Niassa and Maputo macadamia exports to yield 2 billion meticais
FILE - For illustration purposes only. [File photo: Tongaat Hulett Mozambique]
Sugar exported by Mozambique generated 36 million dollars in 2024, an increase of 50% compared to the previous year, recovering from the previous effects of cyclones, according to official data that Lusa had access to today.
According to the most recent balance of payments report from the central bank, Mozambican sugar exports generated US$24 million in 2023 and rose to US$36 million last year.
“This behaviour is due to the recovery of production after the adverse climatic effects that occurred in 2023,” the document reads.
Mozambique is considered one of the countries most severely affected by climate change in the world, cyclically facing floods and tropical cyclones during the rainy season, which runs from October to April.
The 2018/2019 rainy season was one of the most severe in living memory: 714 people died, including 648 victims of cyclones Idai and Kenneth, two of the largest ever to hit the country.
The province of Sofala, in the centre of the country, has been among those worst affected by the storms.
Lusa had previously reported that sugar production at the Mafambisse Sugar Mill, in Sofala province and one of the main sugar mills in Mozambique, was falling due to the combined effects of bad weather and climate change, according to the administration.

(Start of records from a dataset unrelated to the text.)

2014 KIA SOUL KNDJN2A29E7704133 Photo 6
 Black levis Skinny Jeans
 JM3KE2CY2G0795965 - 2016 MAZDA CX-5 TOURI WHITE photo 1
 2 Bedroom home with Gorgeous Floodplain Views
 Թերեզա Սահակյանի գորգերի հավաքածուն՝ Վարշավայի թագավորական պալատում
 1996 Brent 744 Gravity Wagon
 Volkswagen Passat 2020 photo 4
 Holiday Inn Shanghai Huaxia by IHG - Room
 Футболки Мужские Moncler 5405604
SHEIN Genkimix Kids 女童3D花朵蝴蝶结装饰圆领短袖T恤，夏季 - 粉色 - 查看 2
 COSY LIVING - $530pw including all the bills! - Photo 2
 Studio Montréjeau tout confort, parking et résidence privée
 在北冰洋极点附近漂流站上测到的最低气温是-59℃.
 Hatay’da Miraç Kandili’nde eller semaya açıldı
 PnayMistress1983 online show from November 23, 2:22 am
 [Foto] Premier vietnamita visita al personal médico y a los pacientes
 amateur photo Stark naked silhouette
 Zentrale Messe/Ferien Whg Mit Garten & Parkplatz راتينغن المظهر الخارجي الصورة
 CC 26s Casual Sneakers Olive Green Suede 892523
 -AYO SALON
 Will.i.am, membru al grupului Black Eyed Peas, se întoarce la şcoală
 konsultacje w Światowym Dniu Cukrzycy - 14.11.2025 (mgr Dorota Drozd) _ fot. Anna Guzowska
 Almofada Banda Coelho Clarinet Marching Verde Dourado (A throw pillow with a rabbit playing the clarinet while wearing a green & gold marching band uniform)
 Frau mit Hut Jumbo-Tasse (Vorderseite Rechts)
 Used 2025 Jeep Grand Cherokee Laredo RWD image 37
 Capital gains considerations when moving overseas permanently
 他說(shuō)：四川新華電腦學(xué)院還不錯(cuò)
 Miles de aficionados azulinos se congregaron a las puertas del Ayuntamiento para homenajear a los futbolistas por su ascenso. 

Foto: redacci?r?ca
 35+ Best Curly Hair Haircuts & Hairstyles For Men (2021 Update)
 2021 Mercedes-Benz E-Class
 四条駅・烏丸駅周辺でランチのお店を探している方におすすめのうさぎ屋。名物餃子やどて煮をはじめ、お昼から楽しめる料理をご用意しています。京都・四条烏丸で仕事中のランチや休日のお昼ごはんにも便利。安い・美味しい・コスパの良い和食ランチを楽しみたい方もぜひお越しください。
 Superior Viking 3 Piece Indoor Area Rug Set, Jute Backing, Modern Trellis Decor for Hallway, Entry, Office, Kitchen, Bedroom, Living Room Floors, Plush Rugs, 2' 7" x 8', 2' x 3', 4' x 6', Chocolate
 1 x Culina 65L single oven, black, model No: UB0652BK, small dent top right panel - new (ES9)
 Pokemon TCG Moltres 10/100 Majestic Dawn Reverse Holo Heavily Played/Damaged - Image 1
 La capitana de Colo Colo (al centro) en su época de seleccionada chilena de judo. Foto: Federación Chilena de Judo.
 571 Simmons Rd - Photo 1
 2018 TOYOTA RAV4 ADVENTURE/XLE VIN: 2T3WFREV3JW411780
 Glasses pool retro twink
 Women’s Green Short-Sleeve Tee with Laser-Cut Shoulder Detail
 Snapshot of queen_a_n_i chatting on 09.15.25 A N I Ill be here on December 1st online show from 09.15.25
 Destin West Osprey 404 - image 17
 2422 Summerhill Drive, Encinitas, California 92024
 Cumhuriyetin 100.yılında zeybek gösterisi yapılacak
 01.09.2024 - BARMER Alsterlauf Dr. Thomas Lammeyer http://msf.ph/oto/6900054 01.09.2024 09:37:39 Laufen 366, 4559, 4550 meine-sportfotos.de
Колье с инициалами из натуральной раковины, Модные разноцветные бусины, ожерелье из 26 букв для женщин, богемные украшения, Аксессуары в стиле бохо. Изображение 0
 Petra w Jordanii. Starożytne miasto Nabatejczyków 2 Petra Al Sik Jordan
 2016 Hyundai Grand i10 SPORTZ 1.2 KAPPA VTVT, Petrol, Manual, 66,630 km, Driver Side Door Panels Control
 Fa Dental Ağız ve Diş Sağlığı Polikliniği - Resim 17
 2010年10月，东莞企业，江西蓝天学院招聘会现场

Another factor in the sharp drop in production in previous years was the loss of around 8,000 hectares of sugar cane to the effects of climate change, in this case, in the Nhamatanda region.
Located in the administrative post of Mafambisse, in Dondo district, the Mafambisse Sugar Mill has the installed capacity to produce 92,000 tonnes of sugar per year.
Tongaat Hulett recently announced an injection of ZAR500 million (€25 million) into the Mafambisse and Xinavane sugar mills, both in Mozambique and in which the South African group is the majority shareholder.